_SUPPLIED DATA_
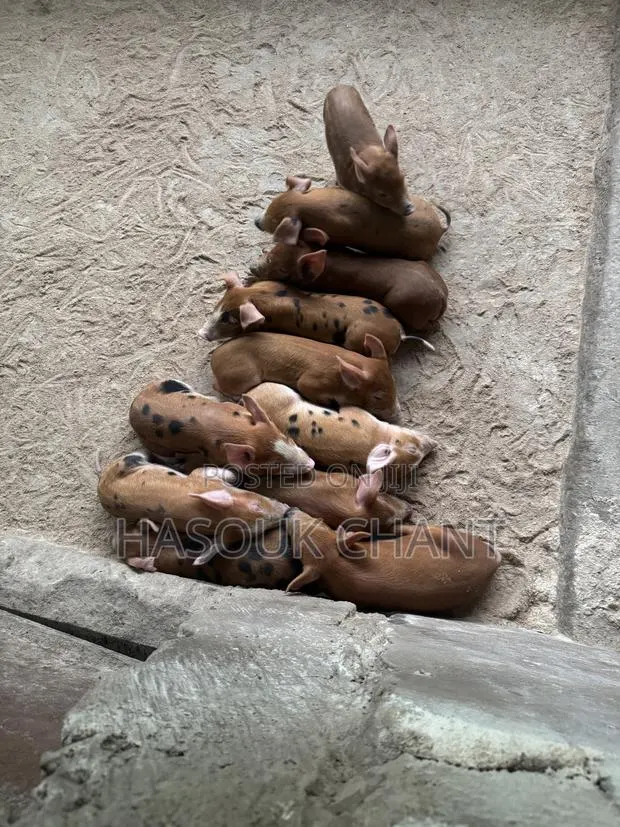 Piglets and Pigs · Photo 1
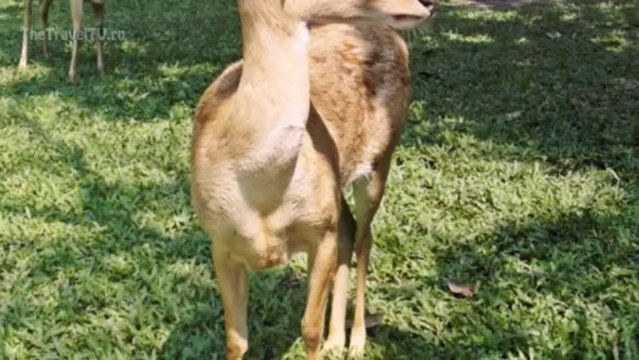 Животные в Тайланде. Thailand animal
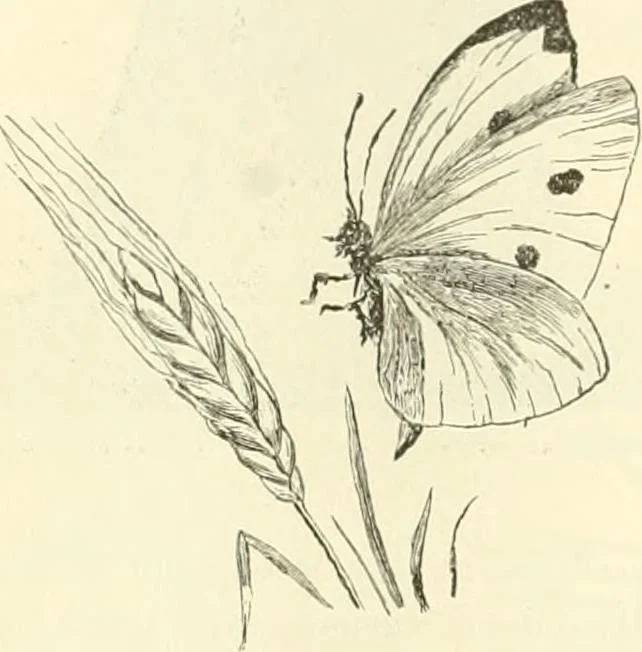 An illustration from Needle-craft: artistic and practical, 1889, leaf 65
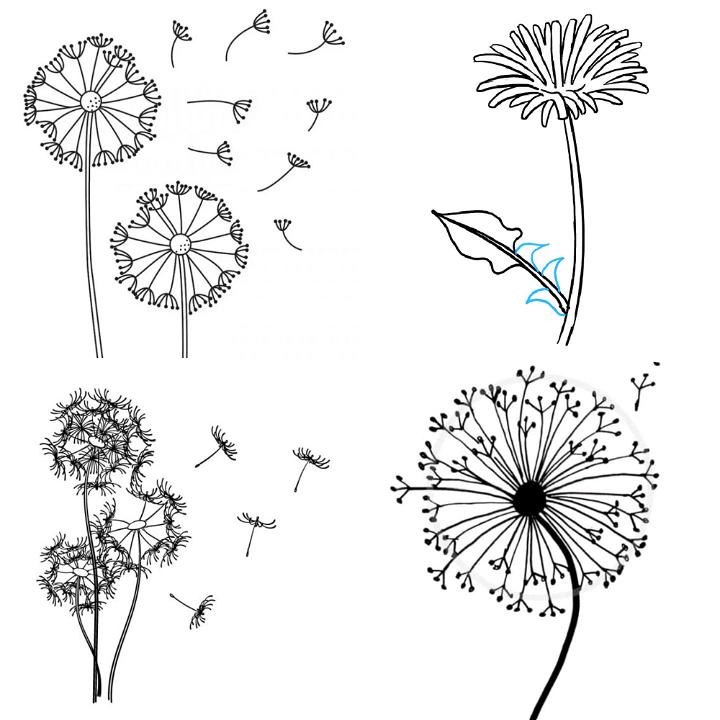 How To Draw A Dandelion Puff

_TASK REQUIREMENTS_
The expected output is the full material above, unaltered, with pictures removed.

_WRITTEN RESPONSE_
 Piglets and Pigs · Photo 1
 Животные в Тайланде. Thailand animal
 An illustration from Needle-craft: artistic and practical, 1889, leaf 65
 How To Draw A Dandelion Puff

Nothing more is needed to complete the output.